■ What needs to be done: Would you print the lines below exactly, beginning at the line that has "Photo 4 of 511" and stopping after the line that has "Thumbnail: 2017 Toyota RAV4 - 13"? Only those lines, and no pictures.

■ Working data:
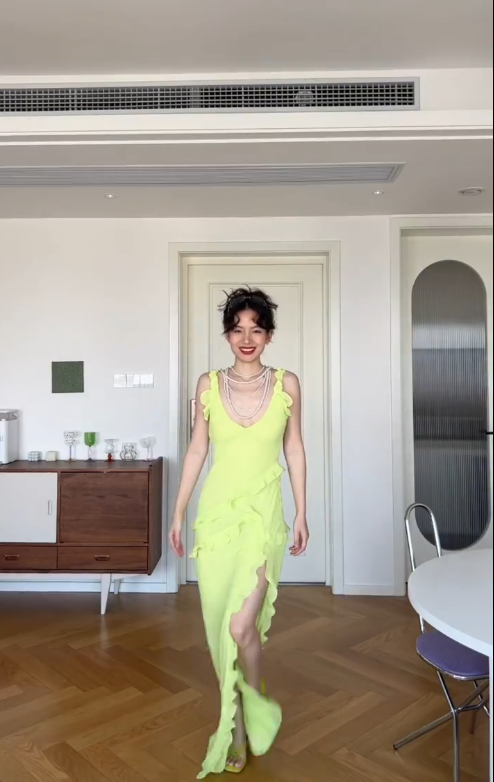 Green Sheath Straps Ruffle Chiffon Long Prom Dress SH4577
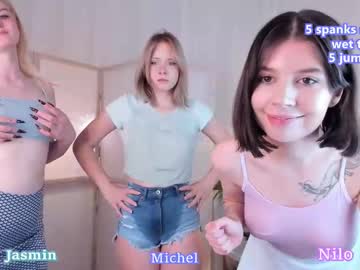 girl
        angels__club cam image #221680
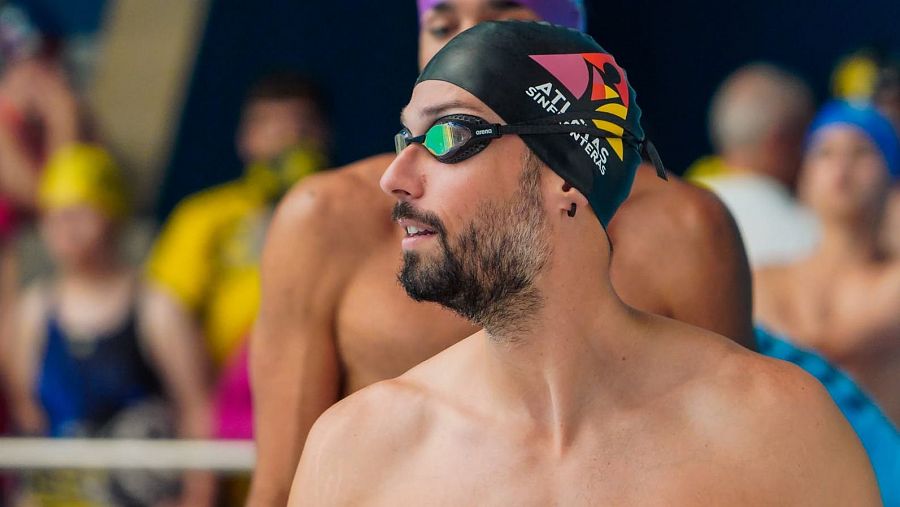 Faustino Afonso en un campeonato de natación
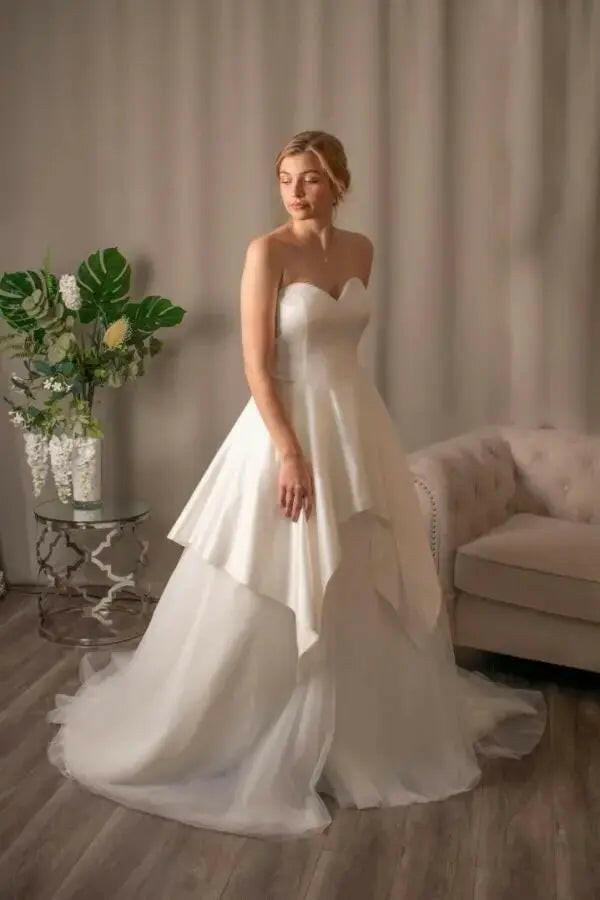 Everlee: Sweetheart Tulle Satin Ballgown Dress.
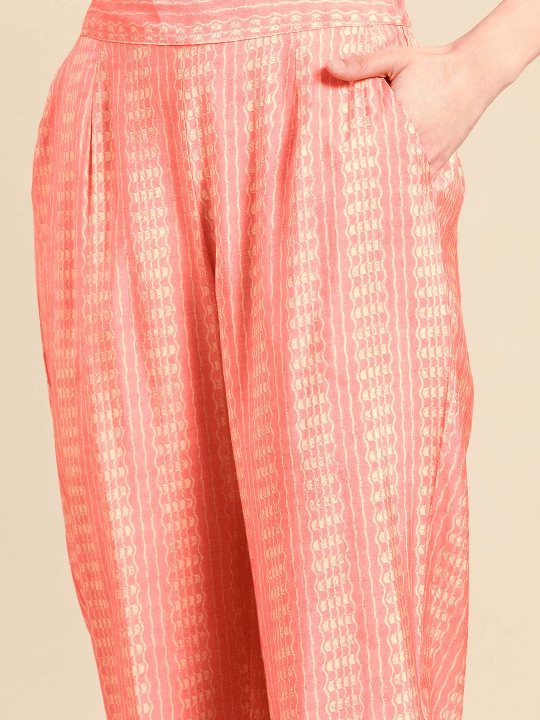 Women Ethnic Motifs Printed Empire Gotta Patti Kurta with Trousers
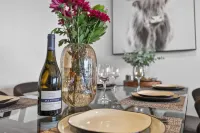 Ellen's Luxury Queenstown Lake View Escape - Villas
--
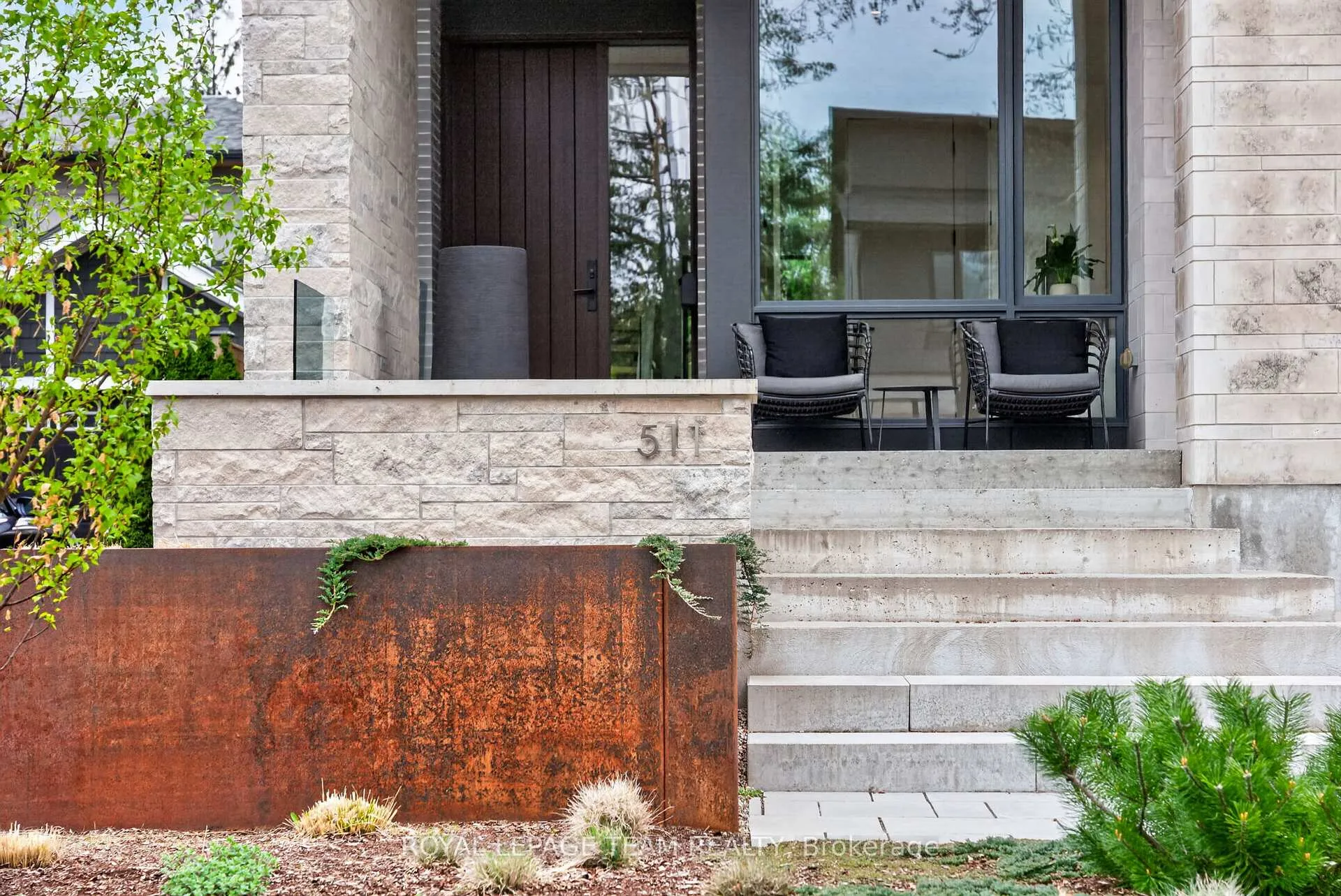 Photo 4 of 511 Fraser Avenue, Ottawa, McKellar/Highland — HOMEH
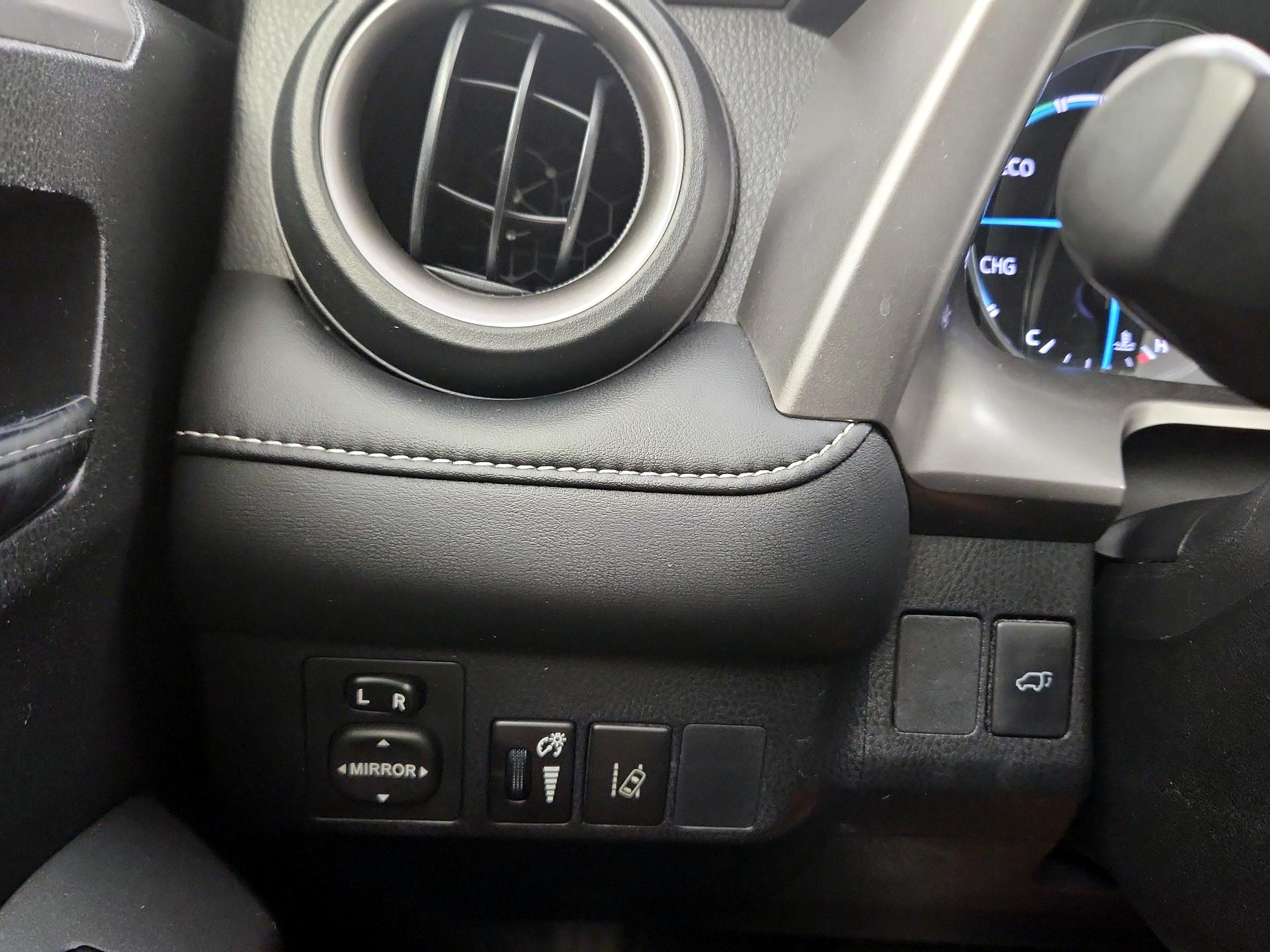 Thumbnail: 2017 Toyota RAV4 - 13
* * *
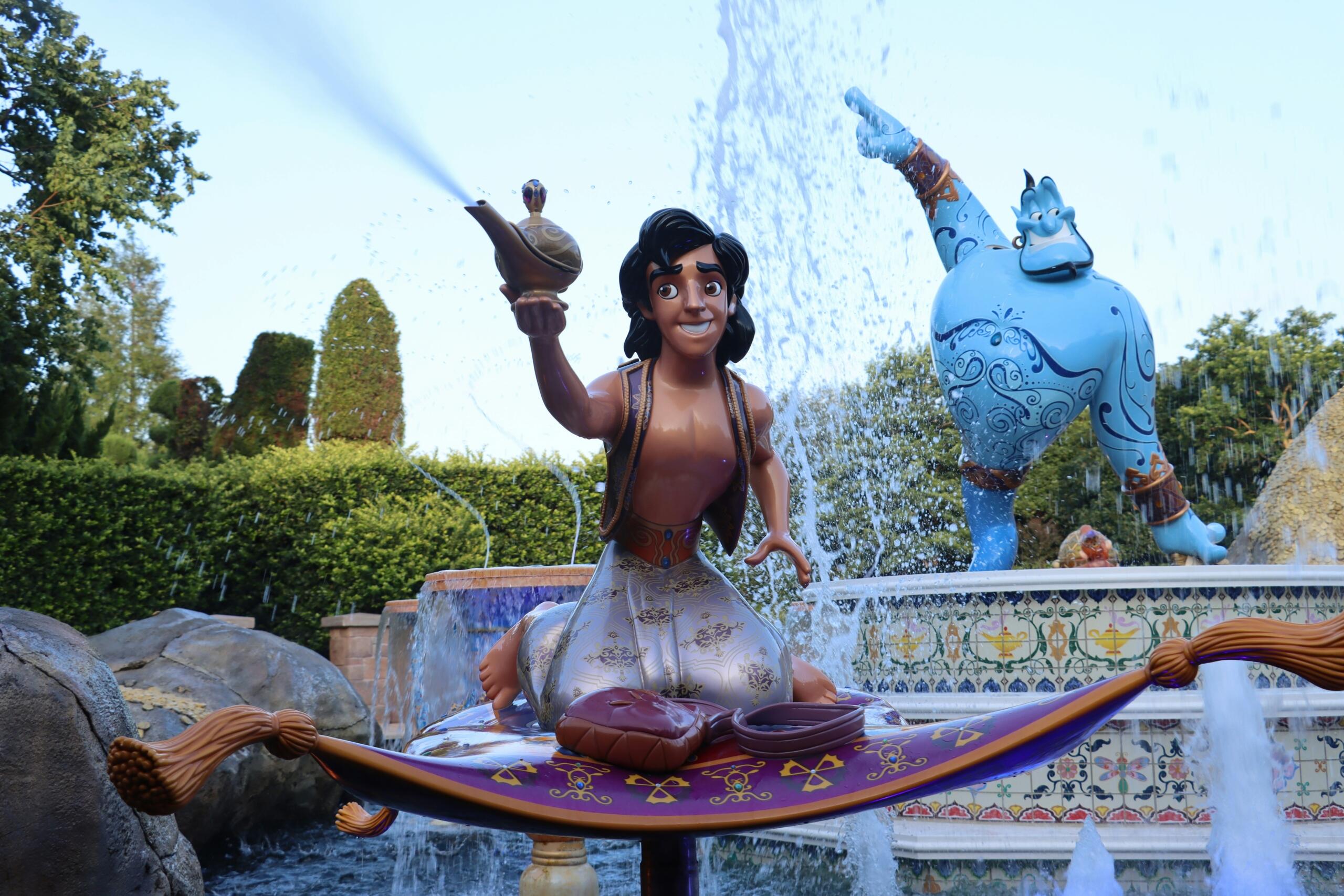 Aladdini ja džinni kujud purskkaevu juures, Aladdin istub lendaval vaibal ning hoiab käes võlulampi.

■ Problem solution:
 Photo 4 of 511 Fraser Avenue, Ottawa, McKellar/Highland — HOMEH
 Thumbnail: 2017 Toyota RAV4 - 13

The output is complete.